Instructions to follow — Transcribe the lines below verbatim, skipping the images.

Data block —
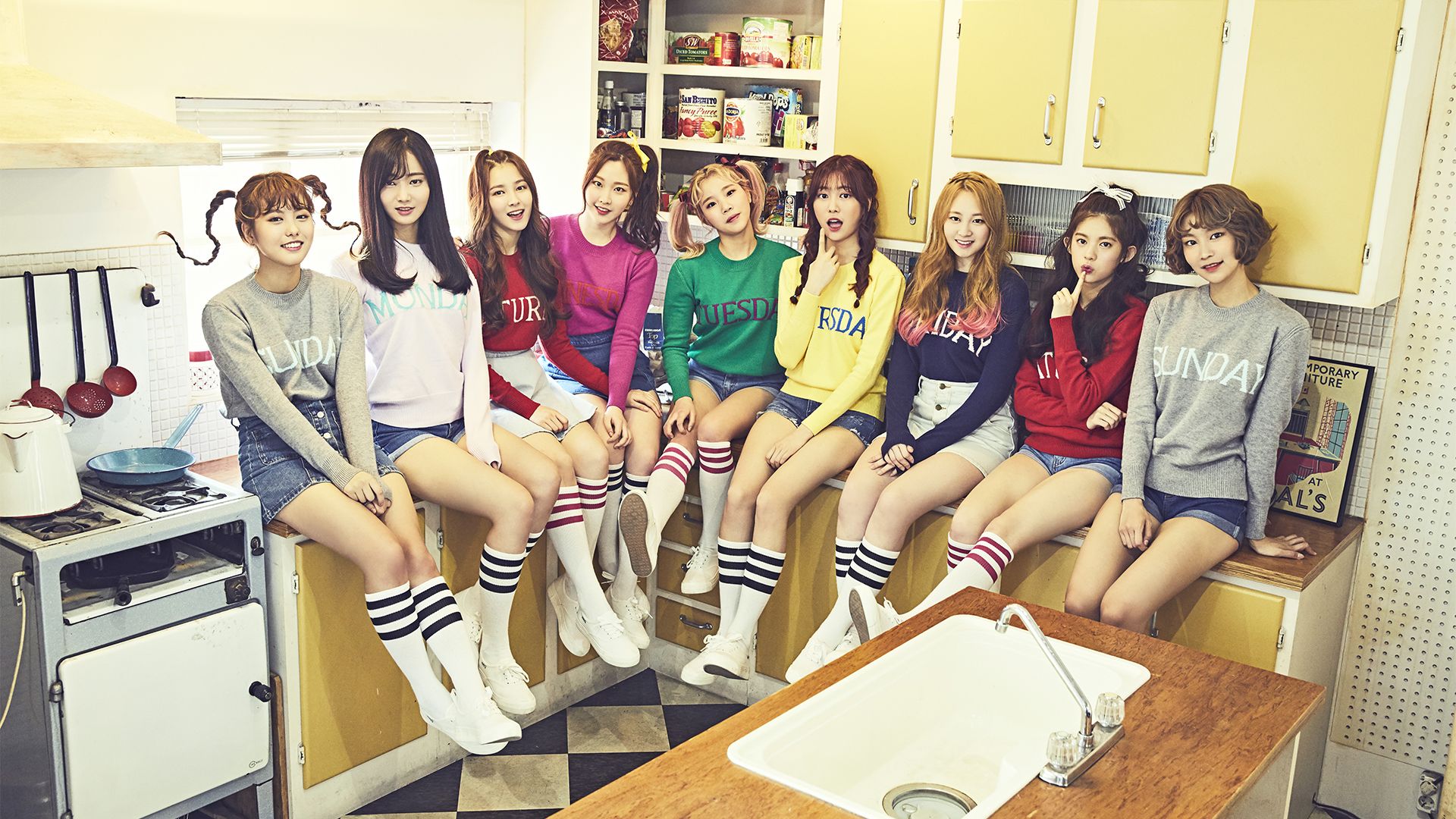 Wallpaper K POP Girls Full HD (1920x1080)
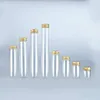 5PCS 15/20/25/30/35/40/50/60/80/110ml Glass Bottles Vials Jars with Screw Cap DIY Wedding Home Decor Storage Spice Bottles Jars 4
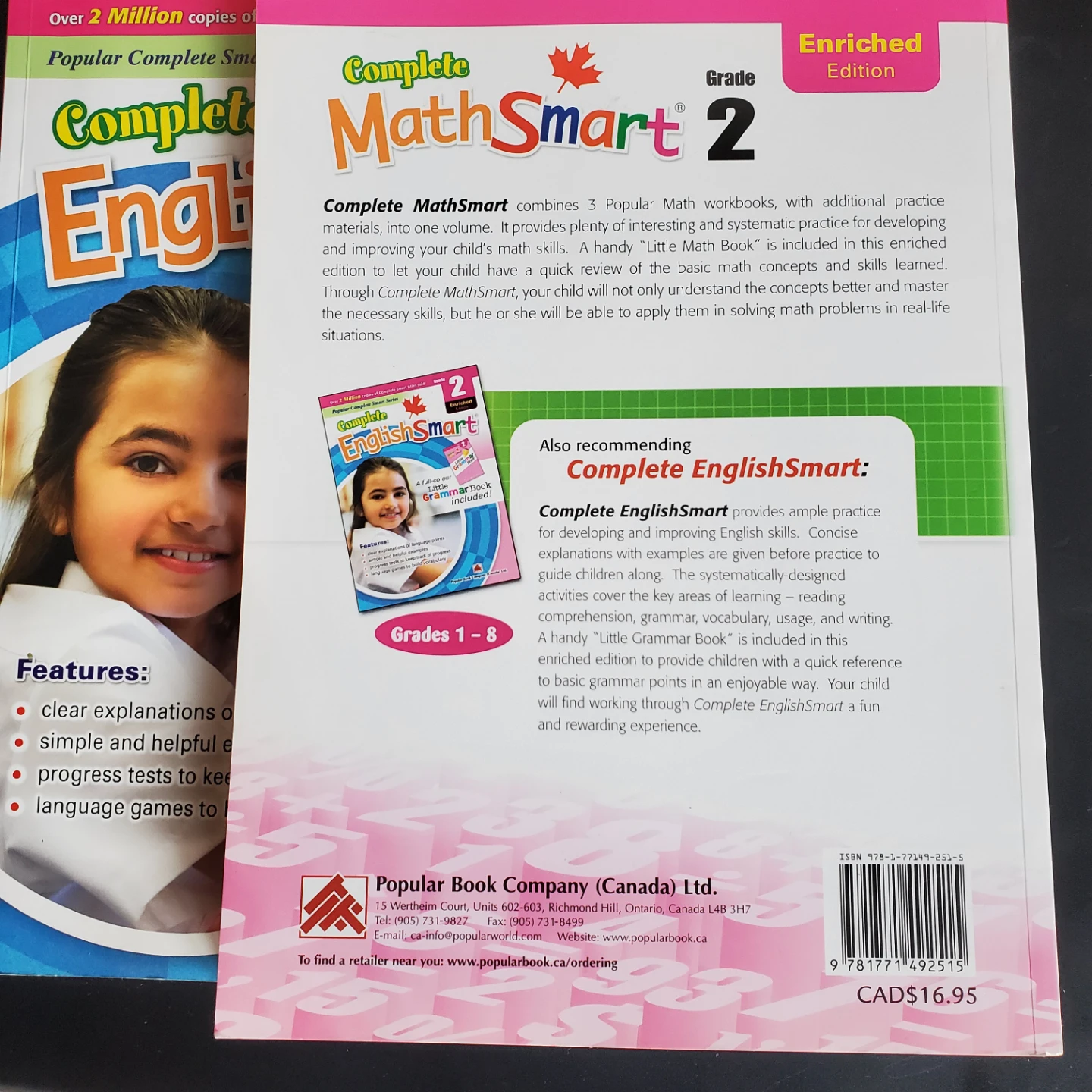 The Complete Grade 2  MathSmart and EnglishSmart Workbook - photo 2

Result of the exercise —
 Wallpaper K POP Girls Full HD (1920x1080)
 5PCS 15/20/25/30/35/40/50/60/80/110ml Glass Bottles Vials Jars with Screw Cap DIY Wedding Home Decor Storage Spice Bottles Jars 4
 The Complete Grade 2  MathSmart and EnglishSmart Workbook - photo 2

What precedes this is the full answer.